Nuzhet Erman (b. 1926) has a voice that is beholden to no predecessor or contemporary. It is an epic voice that shuns jingoism, a lyrical voice that avoids sentimentality, a historical voice that speaks with modern rhythms, a voice of wisdom that sings operatically.
In Her Gun Yeni Dogariz (Each Day We Are Born Anew) Erman attempts to create a magnum opus on the history of the Turks from the emergence of the Ottoman state in the late thirteenth century to the upsurge of Mustafa Kemal Pasha in the 1920s. This sounds hazardously like a conventional, chronological epic narrative. It isn't, The structure conforms to historical sequence, but the style is so fresh, so dynamic, so miraculously born anew in each episode that Erman's book functions as a cycle of historic evocations, a prism of stirring impressions. The pitfall of "history in verse"--and Turkey has been badly served in Ottoman times by chroniclers who composed official versions of events in strict meter and rhyme and by twentieth-century poetasters who produced enormous quantities of jingoistic drivel--is its inherent "emphatic fallacy." which has blind faith in "history as reported" and gives vent to that faith in an effusive spirit and a "purple" style.

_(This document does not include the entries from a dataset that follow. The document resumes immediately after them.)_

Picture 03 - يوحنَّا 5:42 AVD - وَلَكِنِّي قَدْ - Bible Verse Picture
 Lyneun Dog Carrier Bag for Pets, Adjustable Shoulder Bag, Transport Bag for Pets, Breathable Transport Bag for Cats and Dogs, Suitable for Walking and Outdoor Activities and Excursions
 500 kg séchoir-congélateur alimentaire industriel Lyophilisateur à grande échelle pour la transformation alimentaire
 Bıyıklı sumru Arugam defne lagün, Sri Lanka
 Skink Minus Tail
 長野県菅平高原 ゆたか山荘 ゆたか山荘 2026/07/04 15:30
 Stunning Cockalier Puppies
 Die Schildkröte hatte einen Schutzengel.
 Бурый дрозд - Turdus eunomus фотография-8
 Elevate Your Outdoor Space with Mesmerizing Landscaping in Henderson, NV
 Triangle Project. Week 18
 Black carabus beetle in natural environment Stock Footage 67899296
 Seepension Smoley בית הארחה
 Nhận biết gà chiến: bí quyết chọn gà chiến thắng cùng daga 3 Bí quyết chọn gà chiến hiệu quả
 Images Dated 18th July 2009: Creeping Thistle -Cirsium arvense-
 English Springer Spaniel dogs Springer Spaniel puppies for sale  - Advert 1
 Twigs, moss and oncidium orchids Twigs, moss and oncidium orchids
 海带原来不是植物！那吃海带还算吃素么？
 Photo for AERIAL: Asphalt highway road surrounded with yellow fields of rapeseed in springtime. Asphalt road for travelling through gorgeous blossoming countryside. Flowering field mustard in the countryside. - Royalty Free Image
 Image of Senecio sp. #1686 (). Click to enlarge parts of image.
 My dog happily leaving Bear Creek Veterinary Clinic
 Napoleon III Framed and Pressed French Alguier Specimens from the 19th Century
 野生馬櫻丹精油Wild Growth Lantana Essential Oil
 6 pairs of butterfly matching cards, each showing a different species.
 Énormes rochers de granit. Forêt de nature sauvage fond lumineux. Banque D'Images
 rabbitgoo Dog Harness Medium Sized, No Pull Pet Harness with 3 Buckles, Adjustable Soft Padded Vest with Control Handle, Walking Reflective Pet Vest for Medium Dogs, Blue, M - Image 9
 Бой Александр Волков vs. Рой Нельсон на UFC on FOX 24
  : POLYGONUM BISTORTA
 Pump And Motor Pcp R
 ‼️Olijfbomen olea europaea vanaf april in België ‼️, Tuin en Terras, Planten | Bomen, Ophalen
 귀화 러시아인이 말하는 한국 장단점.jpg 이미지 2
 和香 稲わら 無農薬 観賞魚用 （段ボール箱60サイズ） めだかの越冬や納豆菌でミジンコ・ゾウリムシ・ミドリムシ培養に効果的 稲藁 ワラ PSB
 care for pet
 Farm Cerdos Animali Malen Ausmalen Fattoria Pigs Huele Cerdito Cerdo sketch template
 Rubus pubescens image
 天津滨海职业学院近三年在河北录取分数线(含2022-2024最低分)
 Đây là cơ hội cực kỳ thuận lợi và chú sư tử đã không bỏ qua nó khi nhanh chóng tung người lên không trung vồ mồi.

What sets Erman apart is his finesse in lyric formulations and his range of historical vision. In this encompassing book, his craftsmanship enables him to speak with many voices, from documentary to utopian, from patriotic to satiric, from matter-of-fact to passionate. On an ambitious scale, Erman's poetry enriches history, making it vivid, at once tender and violent, dramatic and humorous. A lilting summation of the fate that befell the members of the Ottoman dynasty functions as a distilled satire, although the structure of the poem is bland and the voice almost prosaic.
THE BIG TALE
Two Sultans- Murad I and II --
Fell at Kosovo and, as martyrs, became glorified.
Carbuncles shoved Selim the Grim to the other side.
It was a blood clot to which Suleyman the Magnificent succumbed.
As for Bayezid the Thunderbolt and Sultan Aziz, suicide.
Afflictions like cirrhosis and TB
Had Selim the Sallow, Murad IV and Mahmud II mortified.
Mehmed the Conqueror, Young Osman, and Selim the Poet Were all
victims of regicide.
Ahmed III, Mehmed III, and Osman Ill,
Mustafa II, Mahmud I, and Abdulhamid I
Suffered apoplexy, that's how they went by the wayside.
They had a weak heart.
And so on with all those majestic rulers --
The glorious Ottoman Empire,
On whose realm the sun never set for 624 years,
Kept the world petrified:
It was a legend, it died.
Her Gun Yeni Dogariz is subtitled "Osman Gazi'den Gazi Mustafa Kemal'e"--from Osman the founder of the Ottoman State to Ataturk, the creator of the Turkish Republic, both referred to as "ghazi," meaning "war hero" in an essentially Islamic sense. The Ottoman section of the book is far more colorful and critical than is that on the emergence of modern Turkey. In depicting more than six centuries of a nation's triumphs and defeats, with profound insights into its life and culture, Nuzhet Erman has created an engrossing poetic saga.